Assignment: Deliverable Length: 10–15 PowerPoint slides (each slide should include 200–250 words each with in-text citations in the notes section). Must include separate title and reference page.
Based on your discussions with Michelle, you have developed a clear picture of the environmental issues that will affect the initial release of the new product. As you compile your notes, the phone rings.
“Hi. This is Michelle. I want to touch base with you about your presentation to the board next week. Do you have any questions about the upcoming meeting?”
“Thanks for calling,” you say. “You have good timing. I was just reviewing my notes and working on my PowerPoint presentation. I think I’ve covered the areas we discussed at our last meeting. Do you have something else that you want me to include?”

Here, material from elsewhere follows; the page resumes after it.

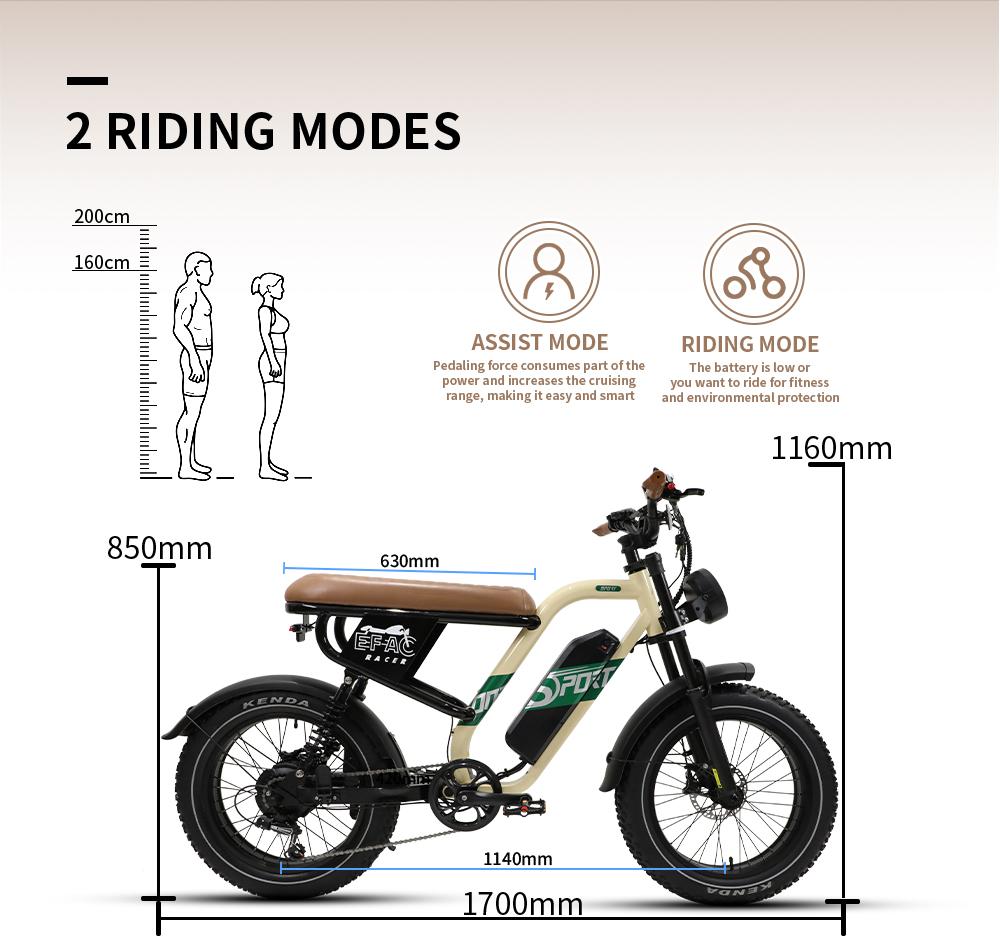 OneSport W66 Retro electric bike 20", 500W motor, 48V 13.5Ah battery, range 40-100 km, full suspension, LED display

“Oh, good,” says Michelle. “Yes, I’d like you to share 3 or 4 goals for the marketing project, too. You might want to lead with the goals, but I’ll leave that up to you. Naturally you’ll need to do some research to determine the types of goals that are relevant for a new product project like this. Be as specific as you can when outlining realistic expectations.
“Okay,” you say as you jot down more notes. “Anything else?”
“Just be sure to include your thoughts about whether we should develop a product that can be marketed world-wide. You know that is one of their main concerns. You’ll have about 30 minutes for your presentation. ”
“Will do. Thanks for the information. I think about 10–15 slides should be about right for a 30-minute presentation.”